Was hat einem ein Zukunftsforscher zu erzählen? Am Dienstag, den 25. Oktober, hielt Lars Thomsen an der Hochschule Heilbronn einen Vortrag über die Zukunft. 520 Wochen, sprich 10 Jahre, ließ er uns in die Zukunft schauen. Thomsen hatte aufmerksame Zuhörer. Die Aula war voll. Etwas mehr als eine Stunde hörten alle gebannt einem Vortrag zu, der ohne eine einzige Folie auskam. Ohne Zweifel ist Thomsen ein geübter Redner, der sein Thema ausgezeichnet zu vermitteln und zu verpacken weiß!

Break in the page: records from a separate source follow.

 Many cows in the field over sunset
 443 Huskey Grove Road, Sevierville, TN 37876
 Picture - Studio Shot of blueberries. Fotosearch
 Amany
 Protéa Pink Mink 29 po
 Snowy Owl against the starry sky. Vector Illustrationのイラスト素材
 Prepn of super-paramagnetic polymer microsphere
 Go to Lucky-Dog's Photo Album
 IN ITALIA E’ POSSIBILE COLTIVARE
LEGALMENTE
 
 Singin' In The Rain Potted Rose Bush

Worüber er sprach? Sie hätten dabei sein sollen. Ich versuche eine grobe Zusammenfassung von vier "Megatrends", wie Thomsen sie nennt:

Die Rechenleistung von Computern wird sich weiterhin jährlich verdoppeln. In 10 Jahren sind die Desktops, Laptops, Netbooks, Tabs und Smartphones 1000x leistungsfähiger als die heutigen Geräte. Es wird das "Ende der Dummheit" einläuten. Computer werden uns ganz neue Helferlein sein, da sie beginnen, uns zu verstehen. Sie werden EMails mitlesen, eingehende Nachrichten geeignet sortieren, Anfragen teils selbstständig beantworten. Das brauchen wir dringend. Jedes Jahr steigt der Mailverkehr um 18%. Wir Menschen sind schon jetzt mit der Datenflut überfordert. Es wird mehr und mehr Programme geben, die ein primitives Verständnis haben von dem, was wir tun, was unsere Gewohnheiten und Wünsche sind. Und die werden dieses Verständnis nutzen, uns zu helfen.

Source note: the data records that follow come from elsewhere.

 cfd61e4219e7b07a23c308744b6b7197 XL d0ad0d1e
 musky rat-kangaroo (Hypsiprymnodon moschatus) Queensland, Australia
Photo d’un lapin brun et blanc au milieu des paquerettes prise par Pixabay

Unser Umgang mit Energie wird sich vollkommen verändern -- schon aus reiner Notwendigkeit. Die fossilen Rohstoffe sind begrenzt. Schon immer hat es auf unserem Planeten ein Einlagern und Freigeben von Kohlenstoff gegeben. Das, was der Mensch jedoch an CO2 in kürzester Zeit auf dem Planeten freigesetzt hat, ist wohl einmalig in der Geschichte der Erde. Klimatische Grenzen werden sich verschieben, neue Vegetationsgebiete kommen auf. Der Umstieg auf alternative Formen der Energiegewinnung und -speicherung ist unausweichlich. In China werden Solarmodule produziert, die Preise für Photovoltaik sind dadurch allein in der Zeit von Januar bis September um 22% gefallen -- ein sich fortsetzender Trend. Gut möglich: Künftig mögen die Solarzellen billiger sein als Dachziegel. Die Speicherung von Energie wird in Form eines Smartgrids gelöst werden. Die intelligente, dezentrale Organisation von Energiezu- und abflüssen im Energienetz wird die zentrale Energieversorgung ablösen.

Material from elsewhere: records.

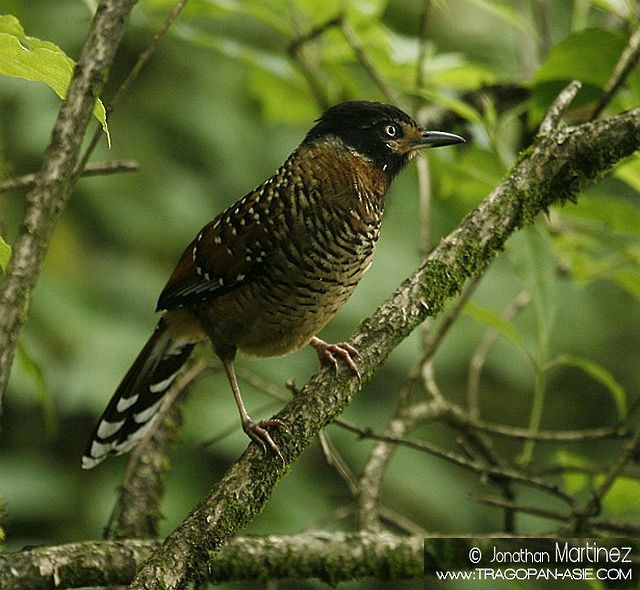 Spotted Laughingthrush - ML379309971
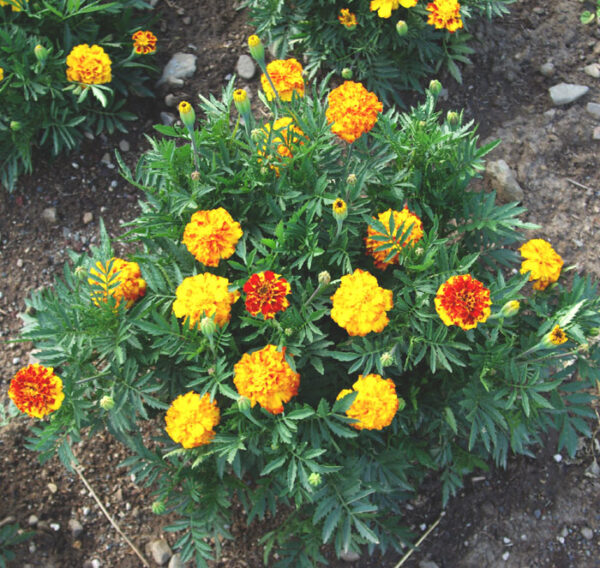 Marigold, French Petite (Tagetes patula), packet of 30 seeds, organic - Image 4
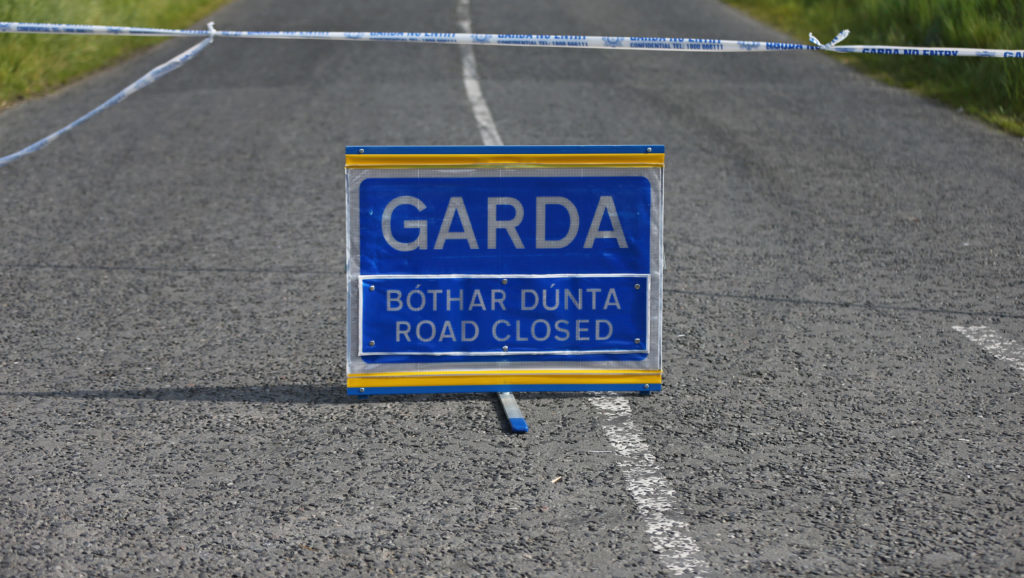 Woman Dies In Liffey Valley Crash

2016 wird ein Elektroauto so viel kosten wie ein Benziner. Elektroautos sind dem Treibstoffwagen in vielerlei Hinsicht überlegen. Ein Blick unter die Motorhaube offenbart eine Boardelektronik, die kaum mehr als drei Coladosen einnimmt. Die Bodenplatte wird mit Akkus aufgefüllt, was zudem den Schwerpunkt extrem tief legt und exzellente Fahreigenschaften garantiert. Schon jetzt sieht ein Porsche alt aus im Sprint gegen moderne Elektroautos. Das derzeit kostentreibende Element im Elektroauto sind die Akkus. Doch hier macht sich ein Preisverfall von 12% pro Jahr bemerkbar. Noch in diesem Jahrzehnt wird das Auto mit Verbrennungsmotor nur noch etwas für Enthusiasten sein. Wer das Röhren in seinen Ohren höhren will, wer das Zittern eines aufdrehendes Motors spüren möchte, der muss sich als Nostalgiker einen teuren Benziner oder Diesel leisten -- vermutlich als Zweit- oder Drittwagen.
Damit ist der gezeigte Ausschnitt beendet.